Recombinant human erythropoietin (rHuEPO) is an effective agent for the treatment of anaemia in patients with chronic kidney disease. However, given its relatively short half-life, it requires a relatively frequent administration schedule. Moreover, it can be administered only subcutaneously or intravenously and is unstable at room temperature, making a strict cold chain control necessary. Pharmacological research has focused on the development of new agents to circumvent these relative disadvantages. Some long-acting erythropoietin-stimulating agents (ESAs) are already available for clinical use that require a less-frequent administration schedule. Peginesatide (Hematide™), which is a small dimeric peptide with a chemical structure unrelated to EPO, has recently ended phase III clinical trials. Other new molecules undergoing clinical development are CNTO 530 and CNTO 528, ACE-011 and hypoxia-inducible transcription factor stabilisers. The latter have the advantage that they can be administered orally but their clinical development faces a significant hurdle following a case of fatal hepatitis.
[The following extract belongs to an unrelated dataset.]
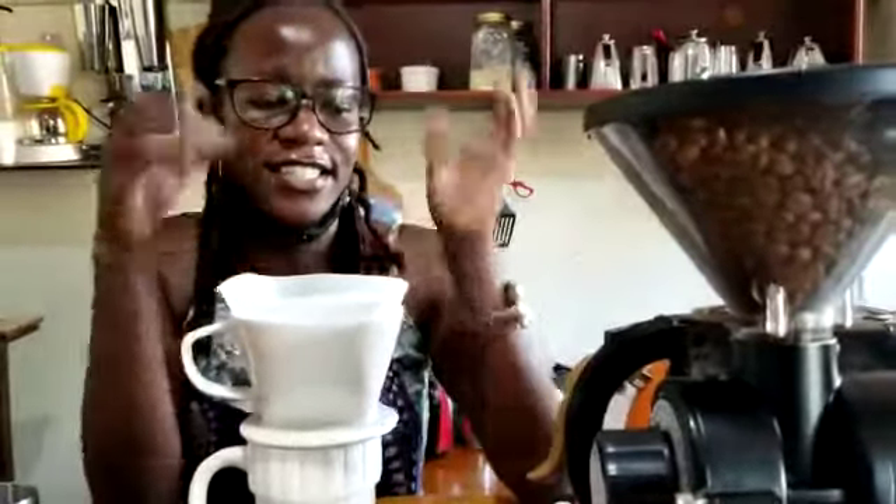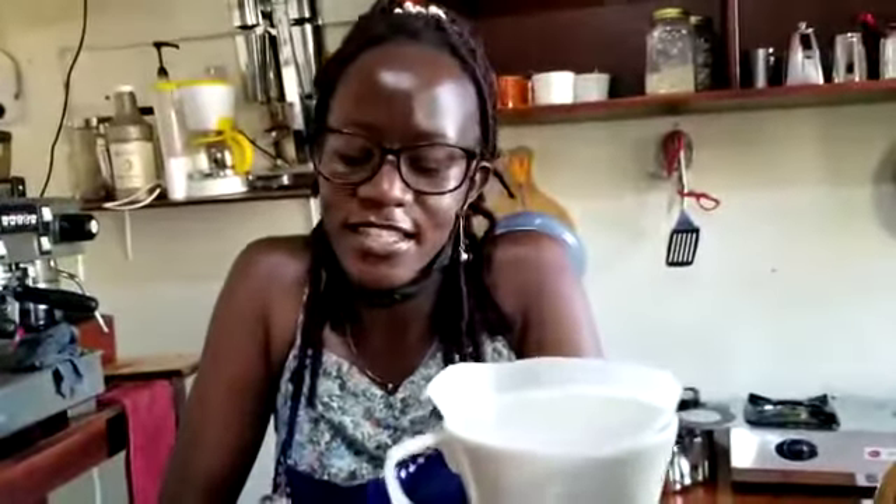The coffee I use is Robusta. Robusta coffee is nutty, has a heavy body, and is complex in flavor. The grind size I use is the medium grind size.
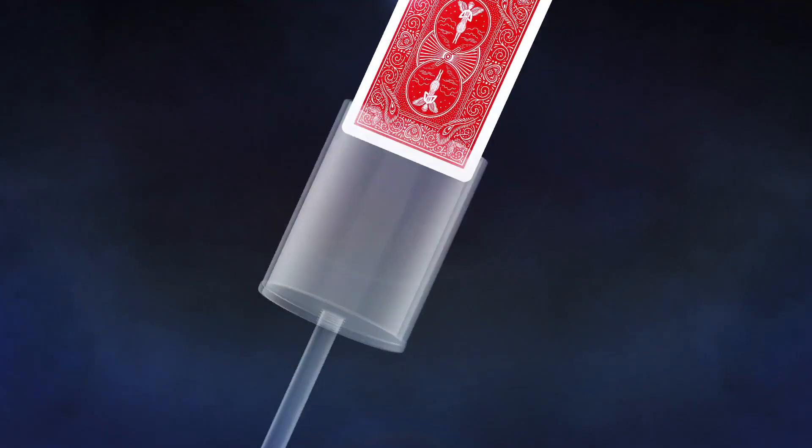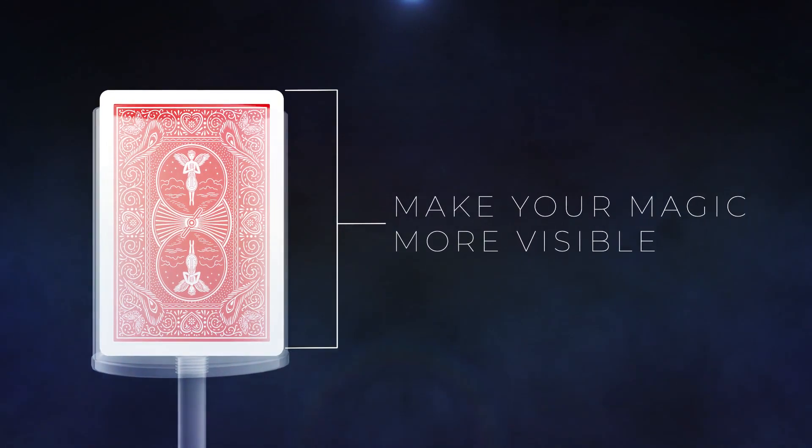As magicians, we all think about converting our close-up card magic into parlor performance. And the very best first step is this. A wine glass changes the plane of any card trick from this to this. When a card or a pack of cards is inside a wine glass, it's vertical so that you can see it even in the back of a theater. It's also isolated, clearly out of the view and reach of the magician's fingers.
Newer molecules in this class are undergoing clinical evaluation. Other strategies, such as EPO fusion proteins, agonistic antibodies targeting the EPO receptor and gene therapy have only been tested in animal models or are undergoing pre-clinical evaluations. Before clinical approval, all these new strategies need to address safety concerns raised recently about the use of ESAs regarding possible increased cardiovascular risks following targeting to high haemoglobin levels and/or exposure to excessive doses without reaching a target in both higher and lower haemoglobin groups, and reduced survival and tumour control in the oncology setting. Many of these molecules will also need careful evaluation for possible immunogenicity.